What the task asks :: Restate, word for word, the lines from the opening line of the data through the line containing "WOTIAN Pull Start", both included, and nothing else.

Provided data ::
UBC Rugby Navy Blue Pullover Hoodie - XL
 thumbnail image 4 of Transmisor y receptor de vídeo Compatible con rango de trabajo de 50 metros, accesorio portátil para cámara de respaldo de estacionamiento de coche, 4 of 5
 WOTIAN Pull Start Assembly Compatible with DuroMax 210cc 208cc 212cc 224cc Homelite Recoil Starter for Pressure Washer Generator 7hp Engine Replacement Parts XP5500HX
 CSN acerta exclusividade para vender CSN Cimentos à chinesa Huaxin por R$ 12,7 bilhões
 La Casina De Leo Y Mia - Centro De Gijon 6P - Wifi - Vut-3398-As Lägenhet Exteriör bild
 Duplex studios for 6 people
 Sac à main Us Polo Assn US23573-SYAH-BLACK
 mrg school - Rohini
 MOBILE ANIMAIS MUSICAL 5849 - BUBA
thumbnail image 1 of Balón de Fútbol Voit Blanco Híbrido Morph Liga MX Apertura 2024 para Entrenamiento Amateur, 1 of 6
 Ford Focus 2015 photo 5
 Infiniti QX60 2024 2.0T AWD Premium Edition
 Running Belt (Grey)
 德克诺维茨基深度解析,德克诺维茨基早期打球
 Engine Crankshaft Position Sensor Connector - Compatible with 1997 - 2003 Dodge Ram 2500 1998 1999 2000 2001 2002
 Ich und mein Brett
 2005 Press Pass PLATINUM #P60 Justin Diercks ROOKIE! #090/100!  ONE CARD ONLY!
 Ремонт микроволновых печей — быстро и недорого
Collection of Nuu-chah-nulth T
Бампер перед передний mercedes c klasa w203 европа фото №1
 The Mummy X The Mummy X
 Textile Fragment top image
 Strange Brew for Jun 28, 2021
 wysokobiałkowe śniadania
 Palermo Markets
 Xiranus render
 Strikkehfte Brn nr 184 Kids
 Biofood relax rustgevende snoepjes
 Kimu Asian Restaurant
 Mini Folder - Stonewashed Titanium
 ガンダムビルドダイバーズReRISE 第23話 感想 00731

Task response ::
UBC Rugby Navy Blue Pullover Hoodie - XL
 thumbnail image 4 of Transmisor y receptor de vídeo Compatible con rango de trabajo de 50 metros, accesorio portátil para cámara de respaldo de estacionamiento de coche, 4 of 5
 WOTIAN Pull Start Assembly Compatible with DuroMax 210cc 208cc 212cc 224cc Homelite Recoil Starter for Pressure Washer Generator 7hp Engine Replacement Parts XP5500HX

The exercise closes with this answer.